One interesting note: Mary Polly married Chloe McIntosh's brother, Roderick "Rory" McIntosh, who was 21 years older than she, and she had four more children by him. They were: Susan, Margaret, Peggy, James, and Mary Polly. That makes the children of both marriages half-brothers and sisters. It gives them common great aunts and uncles as well as grandparents.
This takes the Baker line far enough forward to allow anyone interested to research their particular line. The Perry County Library at Hazard has an extensive section on the early settlers of both Perry and Leslie Counties.

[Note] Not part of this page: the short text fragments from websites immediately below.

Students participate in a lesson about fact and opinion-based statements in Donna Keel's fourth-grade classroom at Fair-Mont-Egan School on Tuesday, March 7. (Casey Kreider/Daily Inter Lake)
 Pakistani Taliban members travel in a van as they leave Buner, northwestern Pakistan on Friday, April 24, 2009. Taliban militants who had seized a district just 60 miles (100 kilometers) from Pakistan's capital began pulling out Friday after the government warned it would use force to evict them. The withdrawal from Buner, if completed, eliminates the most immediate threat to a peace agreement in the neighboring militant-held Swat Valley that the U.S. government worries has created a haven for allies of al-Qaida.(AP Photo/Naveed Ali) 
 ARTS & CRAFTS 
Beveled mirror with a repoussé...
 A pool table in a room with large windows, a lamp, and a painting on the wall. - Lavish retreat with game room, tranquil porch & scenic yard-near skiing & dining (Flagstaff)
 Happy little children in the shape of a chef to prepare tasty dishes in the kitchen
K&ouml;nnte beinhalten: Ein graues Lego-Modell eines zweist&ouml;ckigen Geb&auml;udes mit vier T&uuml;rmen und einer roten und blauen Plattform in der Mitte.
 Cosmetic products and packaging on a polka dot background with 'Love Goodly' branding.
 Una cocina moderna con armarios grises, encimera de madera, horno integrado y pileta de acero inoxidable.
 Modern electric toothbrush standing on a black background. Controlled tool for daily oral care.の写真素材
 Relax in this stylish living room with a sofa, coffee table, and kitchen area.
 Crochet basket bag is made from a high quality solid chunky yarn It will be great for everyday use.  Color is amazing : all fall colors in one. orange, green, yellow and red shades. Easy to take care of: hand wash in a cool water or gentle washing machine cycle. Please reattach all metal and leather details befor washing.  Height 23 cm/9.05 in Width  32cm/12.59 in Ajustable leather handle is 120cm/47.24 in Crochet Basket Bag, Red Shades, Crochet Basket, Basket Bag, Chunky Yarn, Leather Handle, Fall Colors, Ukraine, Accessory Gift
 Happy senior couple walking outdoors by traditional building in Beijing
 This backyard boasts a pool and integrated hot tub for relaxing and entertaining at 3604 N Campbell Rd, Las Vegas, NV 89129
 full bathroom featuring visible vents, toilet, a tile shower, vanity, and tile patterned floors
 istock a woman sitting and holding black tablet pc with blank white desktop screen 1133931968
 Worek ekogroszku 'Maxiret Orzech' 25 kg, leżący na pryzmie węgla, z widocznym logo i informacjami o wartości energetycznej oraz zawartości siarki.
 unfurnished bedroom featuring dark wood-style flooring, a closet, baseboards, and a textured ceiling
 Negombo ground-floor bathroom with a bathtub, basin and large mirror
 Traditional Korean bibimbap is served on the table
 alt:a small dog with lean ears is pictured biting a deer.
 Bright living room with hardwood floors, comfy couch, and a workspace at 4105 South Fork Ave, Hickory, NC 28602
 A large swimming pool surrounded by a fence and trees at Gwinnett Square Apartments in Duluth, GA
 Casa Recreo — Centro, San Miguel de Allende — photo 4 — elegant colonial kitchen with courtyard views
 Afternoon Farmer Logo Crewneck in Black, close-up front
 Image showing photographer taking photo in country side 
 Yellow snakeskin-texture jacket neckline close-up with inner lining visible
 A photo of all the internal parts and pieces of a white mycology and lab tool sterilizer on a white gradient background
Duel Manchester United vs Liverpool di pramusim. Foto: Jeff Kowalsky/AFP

I encourage anyone interested to include this facility in their research endeavors because my wife, Pauline, had done considerable research into my family tree.
John Jackson Baker, Jr., son of John Jackson continues the Baker line. He was born February 18, 1826, in Perry County, Kentucky. He married Sarah Maggard, born February 10, 1835, who was the daughter of John Benjamin Maggard and Sarah Maggard. They married about 1854. Their children were William, born 1854; Henry, born 1856; Sarah, born 1860; Polly, born 1862; Nancy, born 1864; and Rebecca, born 1866.
William Baker, a farmer on Wooton's Creek, was married three times. His first wife was Mary Polly Cornett. She was the daughter of Archibald Cornett and Juda Isaac. Wilson and John Jackson Baker continue the Baker line. Isaac married Eliza Jane or Elizabeth Griffith in 1828. Children by that marriage were John, David, Manerva, William, Cyhthia, Martha, Henry, and Maggie. Wilson married Polly Combs, but research has failed to show any children from that marriage. He then married Eliza Jane Fields and together they had Mary, Jackson William, Polly, Roderick, Jane, John, Rachel, and Robert.